Single elimination tournaments are one of the most well-known types of tournament formats that sport programmers use.  There
are many advantages to programming a single elimination tournament, but like round robin tournaments, single elimination
tournaments also have some disadvantages.  Participants generally understand single elimination tournaments, and they produce
a true winner at the end of tournament play.

Single elimination tournaments also work well as post-season playoff formats after round robin tournaments are played.
Programmers are able to seed teams/players based on their performance in the round robin, allowing for better competition as
the tournament progresses.  If the highest seeds all "take care of business" and win their games, the #1 and #2 seeded teams
will face each other in the final.  Something a tournament programmer wants to avoid, however, is having the #1 and #2 seeds
face each other in a round OTHER THAN the finals.  Sometimes, it is not always apparent to the programmer how teams
should be seeded.  The programmer might not have insight regarding the teams' ability, or past performance.  In these cases, it
might be necessary to do a random draw to determine seeds, or the programmer may choose to seed based on order of entry.

We will see later that single elimination tournaments are based on powers of 2.  That is, when the tournament size is a power of
2 (2, 4, 8, 16, 32, 64, 128, 256, ...) there will be NO first round byes.  A "bye" game in a single elimination tournament only
occurs in the first round, and byes are generally awarded to the highest seeded teams.  Teams who receive a first round "bye"
will play their first game in the second round.  Byes are determined by taking the number of teams in the tournament (n) and
subtracting the number from the NEXT HIGHEST power of 2.  For example, in a single elimination tournament with 14 teams,
you would take the next highest power of 2 (16) and subtract 14 from it:

16-14 = 2

Therefore, there will be 2 byes in the first round for your single elimination tournament with 14 teams.

When drawing tournament brackets, it is important to FIRST have all of the teams or participants registered in your
tournament.  It is difficult to place teams in the tournament draw after you have already scheduled your tournament, so you
should make sure that all team entries have been received before scheduling your tournament.  Remember, single elimination
tournaments are based on powers of 2, so your tournament bracket should be balanced in such a way that from the second
round through the final round, the same number of teams will be in the upper half of the bracket as will be in the lower half of
the bracket.  This may not be true for the first round, due to the possible presence of bye games in the first round.
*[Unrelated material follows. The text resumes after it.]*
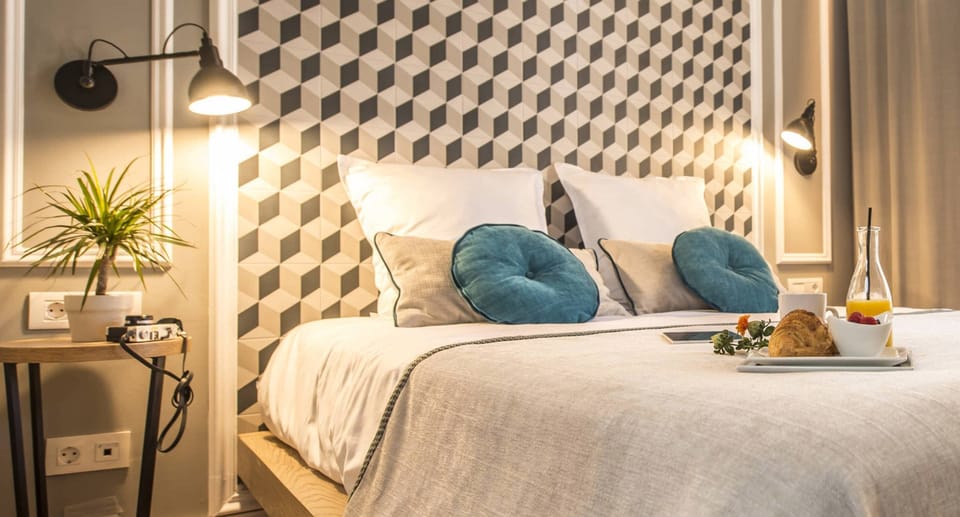 Minibar, in-room safe, blackout drapes, soundproofing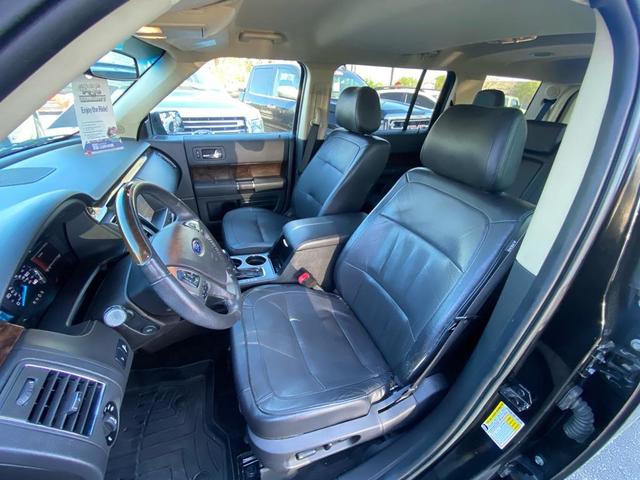 Photo of 2018 Black Ford Flex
When you are ready to draw your tournament bracket, you may choose to draw and "implied bye" bracket or an "explicit bye"
bracket.  Implied bye games are not indicated on the tournament bracket....rather, blank spaces replace first round bye games
and only second round games appear.  Explicit bye brackets show all bye games by placing the word "bye" or drawing an "x"
through the bye game.  For the purposes of this course, it is easier to draw explicit bye brackets, to more easily accommodate
seeding and placing of bye games.  We will focus on this type of bracket from here on out.

Begin by taking the number of teams you have in your tournament....lets say 7.  Always use the bracket format for the NEXT
HIGHEST power of two...in our case here, you would use an 8 team bracket.  If you had 12 teams in your tournament, you
would use a 16 team bracket, if you had 23 teams in your tournament, you would use a 32 team bracket, etc.  You can see
examples of different sized brackets on pages 143-145 of the text.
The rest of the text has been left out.